Martin Short in “The Making of Me”

Up until this year, you could still sit in the Making of Me theater during the Food and Wine festival every year, where a short film on wine production ran on a continuous loop. (The film is not being shown this year — the theater is now the site for annual passholder premium distribution.)

That’s our take on three of the most controversial attractions Walt Disney World has ever seen. Are there others that you think should be on this list? Let us know in the comments below!

Most controversial Disney World attractions

9 Replies to “Three of the Most Controversial Attractions in Walt Disney World”

  1. I feel that EPCOT is becoming less Magical. They lost Walt Disney’s idea and are now turning it into just another theme park. It used to be interesting, and yes I have visited WDW at least 25 times. Now I just feel it is becoming a park about Disney owned movie park. I miss the original ideas. I enjoyed Body Wars, The Norway ride and the original Figment ride.

  2. One correction needs to be made. The article states that Mr. Toad is “on the right” in Winnie The Pooh. Actually, he is on the left wall with Owl immediately when you go through the doors. Moley is on the right floor with Pooh. Yes I know I’m a nerd for pointing this out. LOL! Also the statue of Mr. Toad in the graveyard was actually removed for a while because it was damaged in a storm. He’s back now though.

  3. I enjoyed ExtraTerrorestrial because I appreciated the creativity behind it. I was very angry, however, when I saw the CMs warning parents that their young children in, but the parents insisted taking them in because THEY wanted to see it I shook my head. I heard so many kids screaming in terror in their that it was pathetic. The parents put themselves first and now the attraction is gone.

    1. I feel your pain Jan. Our daughter was four the first time we took her to Disney World. We headed straight to Fantasy Land. My wife needed to use the restroom, so I said, “no problem, I’ll just go ahead take her on a ride.” Well, that ride was Snow White, and she screamed the whole time and was afraid to ride another ride the rest of the day. Another family getting off the ride with us was saying, “where the hell was Smow White.” My wife will make sure i take that mistake to my grave.

  4. I see the ongoing dismantling of the original vision and philosophy of EPCOT as the current, and depressing, controversial changes.

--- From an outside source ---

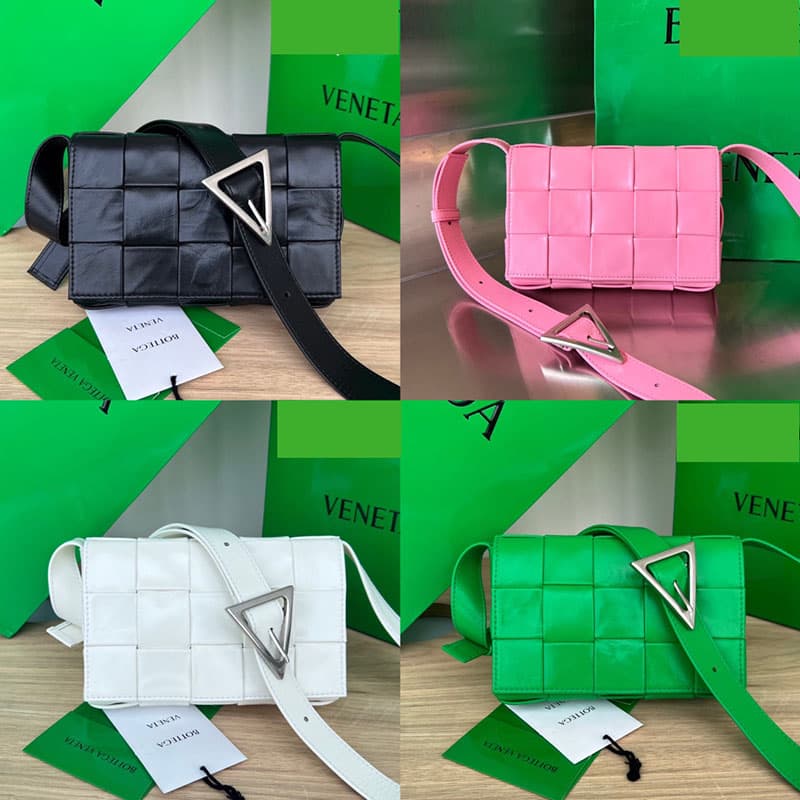 보테가베네타 인트레치오 스몰 카세트 크로스백 717587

    Taking Disney’s inspiring “big picture” historical and universal view of human technology and discovery and condensing it into a very narrow scoped and far less inspiring looks at the same topics. For example, they took the World of Motion, a detailed story of man’s discovery of modes of transportation, from cave man to space man, and shrunk it down to the narrow theme of making and testing a car. Every time I left the World of Motion, I wanted head to the nearest travel agent, book a trip and “hit the open road”. When I leave Test Track, I think about needing to change the oil in my car.

    Then there’s Horizons, the optimistic story man using technology and the pioneer spirit to conquer the otherwise inhospitable environments of deserts, oceans, and space. And what did the new age imagineers do? They replaced it with Mission-Space, a singular and less inspiring mechanically challenged flight to mars. Horizons left me wanting to better my world, while Mission-Space just leaves me a little nauseous.

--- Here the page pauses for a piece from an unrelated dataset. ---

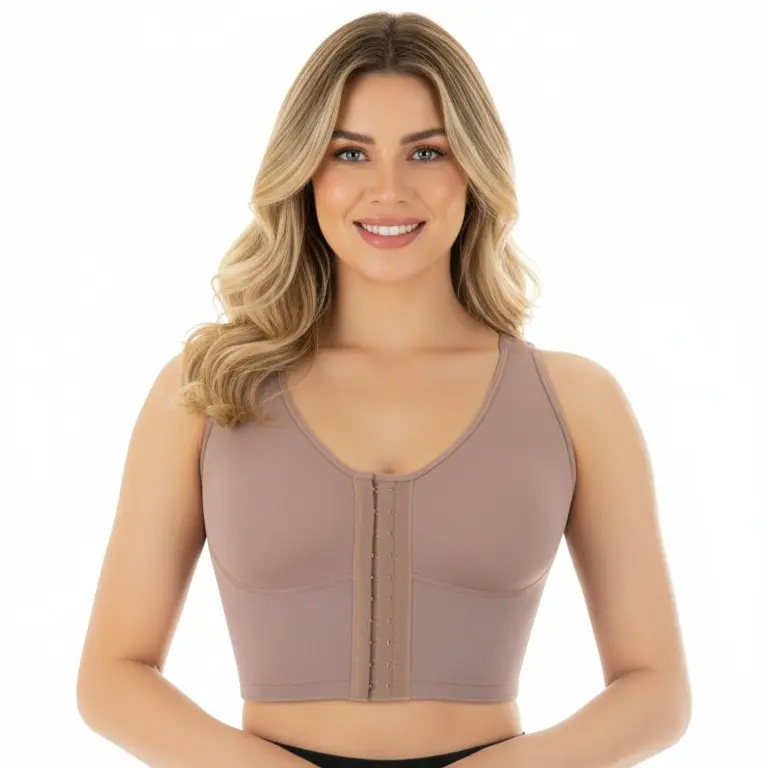 Full Coverage Sculpting Bra - Molded Cups with Extra Side Support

    And the trend just continues from one attraction after another. The proud histories of Norway and Mexico now just cartoon rides. Imagination and the Living Seas just shells of their former selves as the creation of the worlds oceans (and life) from one drop of water to the great “deluge” was replaced with a Finding Nemo commercial.

  5. ExtraTERRORestrial Alien Encounter? Probably one the most “Non-Disney” attractions. Despite all signs and warnings, I saw small children enter ( and be escorted out mid show ) every time I did this one.